Sua buceta escorria grande quantidade de mel e era certo que seu gozo não demoraria. Em dado momento, ela gritou:

– Caralho, seu puto, estou gozando.

Uma forte descarga elétrica se seguiu após esse grito e ela ficou toda mole. Respirou forte e me puxou pelo braço pedindo: me fode.

Subi no corpão, encapei a pica e direcionei a pica para a grande vulva. Encontrei uma xana quente e fiz o vaivém sem pressa. Soellen gemia e gozava e assim o fez por mais de meia hora.

Ela estava bem mole depois disso, sua buceta encharcada não me permitia gozar gostoso e eu estava com a pica parecendo ferro. Levantei o corpo, fiquei de joelho e na posição frango assado direcionei minha pica para seu rabinho. Soellen arregalou os olhos e disse: ai não.

Respondi com um deixa eu só brincar, vou gozar n a portinha, coisas que sempre digo, e claro, é mentira.

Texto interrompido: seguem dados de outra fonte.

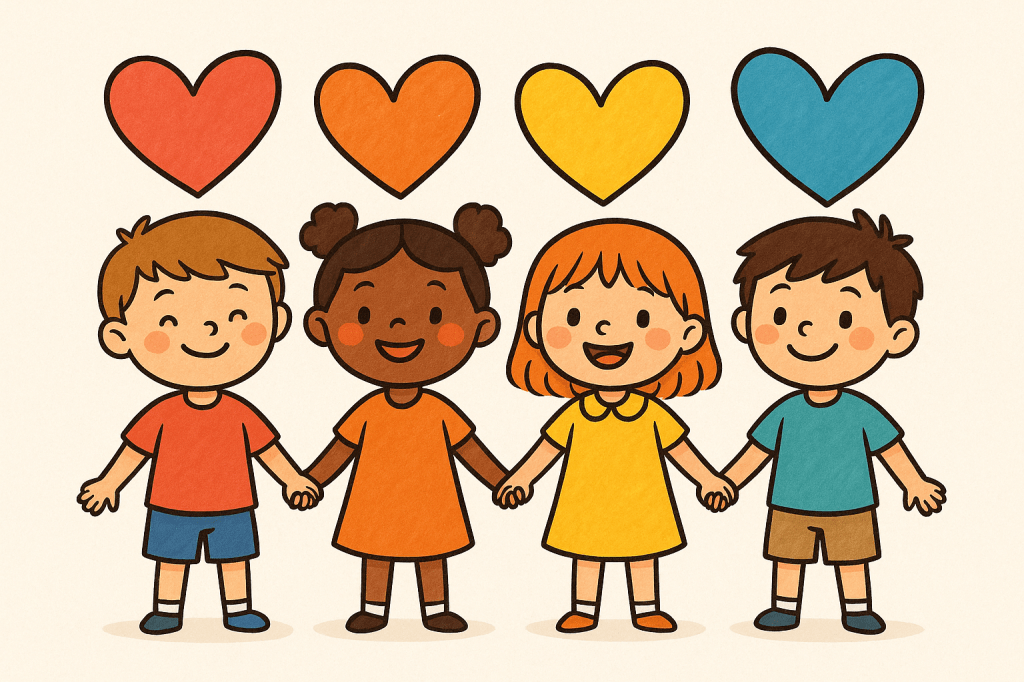 🤝 Scenariusz zajęć przedszkolnych: Międzynarodowy Dzień&nbsp;Przyjaźni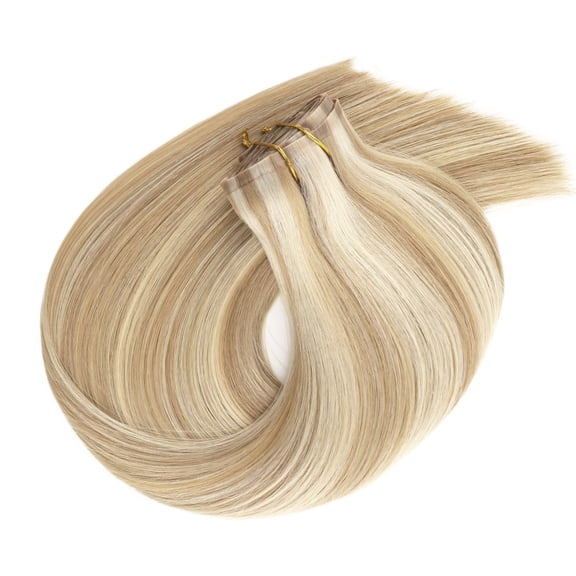 PU Clip In Hair Extensions P8/60# 240g 22inch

Coloquei um travesseiro embaixo da sua bunda e suas pernas no meu ombro. O cu estava a minha mercê e eu queria muito isso. Minha pica estava meladíssima, feito uma enguia.

O apressado come cru, o homem paciente come tudo.

A posição era propícia e a brincadeira ficou melhor com a massagem na vulva. Meu pau estava esperando uma abertura e ela veio com o encaixe na portinha. Mesmo assim, não me apressei, continuei a brincar na xana e apertei um seio. Senti que a pica invadiu o rabinho e ela deu um gritinho:

– Aiiiiiiiiiiiiiiii

O caminho estava aberto e eu só pensar em gozar na portinha. Iniciei movimentos leves, mas firmes. A vara ia e vinha sem pressa. Soellen gemia e afundei fortemente meus dedos na sua xana. Minha fêmea fechou os punhos e batendo forte no colchão, intimou:

– Empurra Caralho!

Não precisou falar de novo, pois a invasão do meu canhão foi automática, pois quase atravessei seu rabinho com a minha enterrada.

Com a vara pulsando forte, ganhei volume com a exploração. Fiz movimentos rápidos e vigorosos, e ela não parava de gozar com a pica no rabo.

Em dado momento, minhas veias ficaram mais grossas no pau e um calor imenso tomou conta do meu corpo. Meti três dedos na buceta dela e travei a pica o mais fundo possível no seu cu.

Gritei alto: vou gozar porra!

Ficamos longos minutos gozando e suando. Não sei quanto tempo demorei para amolecer a pica. Voltamos à carga depois de um bom banho e dormimos juntos.

Os trabalhos continuam e as fodas também. Um rabinho não pode ser desprezado nunca.